→ WORK INSTRUCTION:
Only the pictures should be left out; repeat the rest of the data exactly.

COLLECTED MATERIAL Start Marker

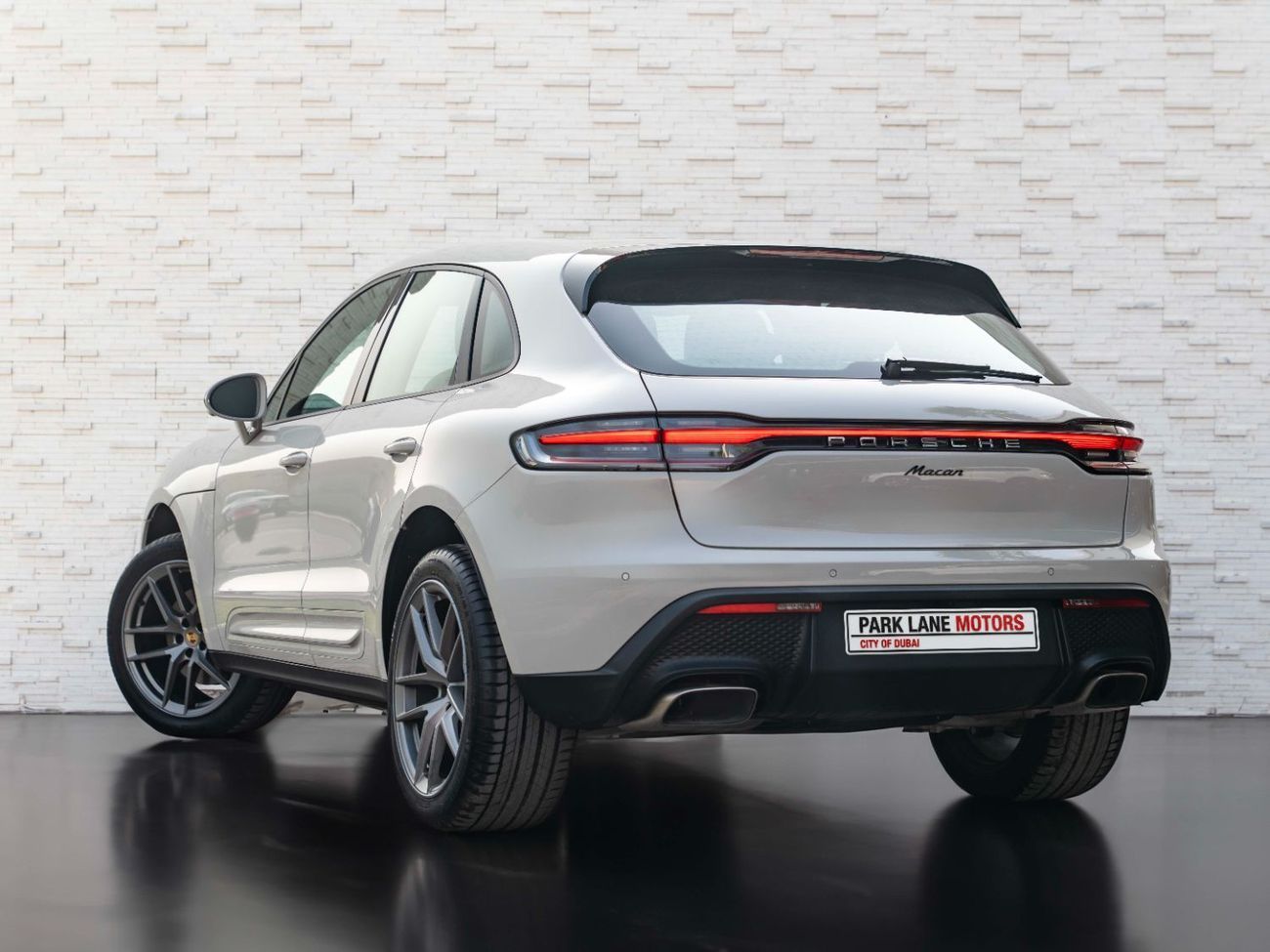 بورش ماكان Std 2.0L (252 HP)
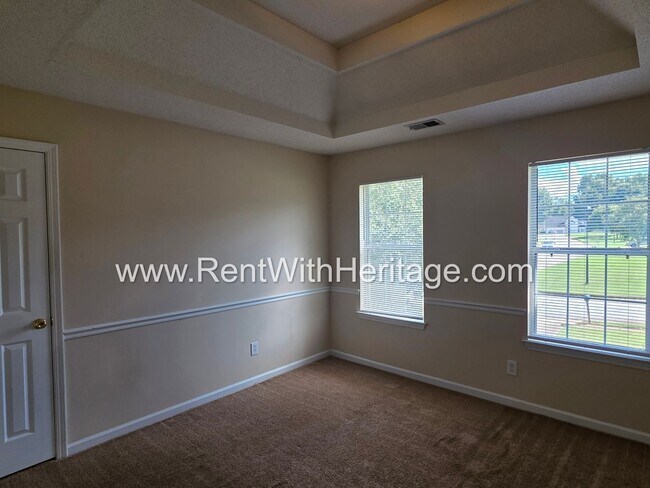 Building Photo - 6535 Manor Creek Dr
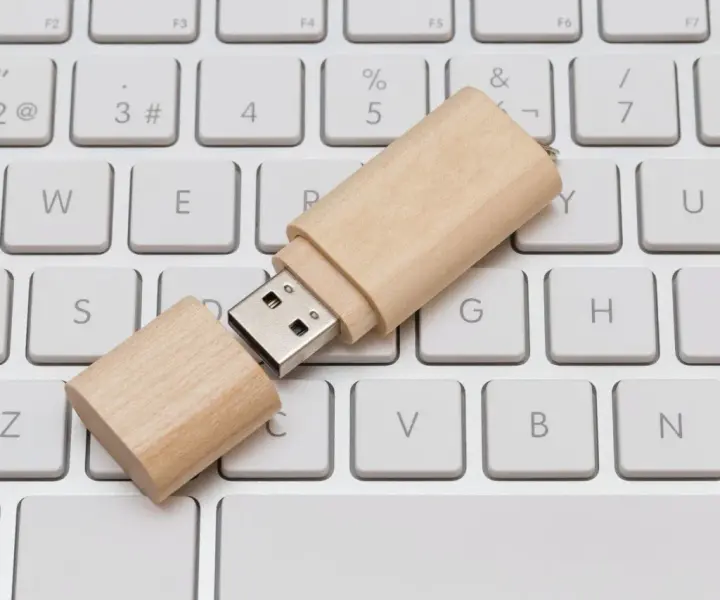 Jak zgrać film z pendrive na komputer bez problemów i stresu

COLLECTED MATERIAL End Marker

→ ANSWER BOX:
 بورش ماكان Std 2.0L (252 HP)
 Building Photo - 6535 Manor Creek Dr
 Jak zgrać film z pendrive na komputer bez problemów i stresu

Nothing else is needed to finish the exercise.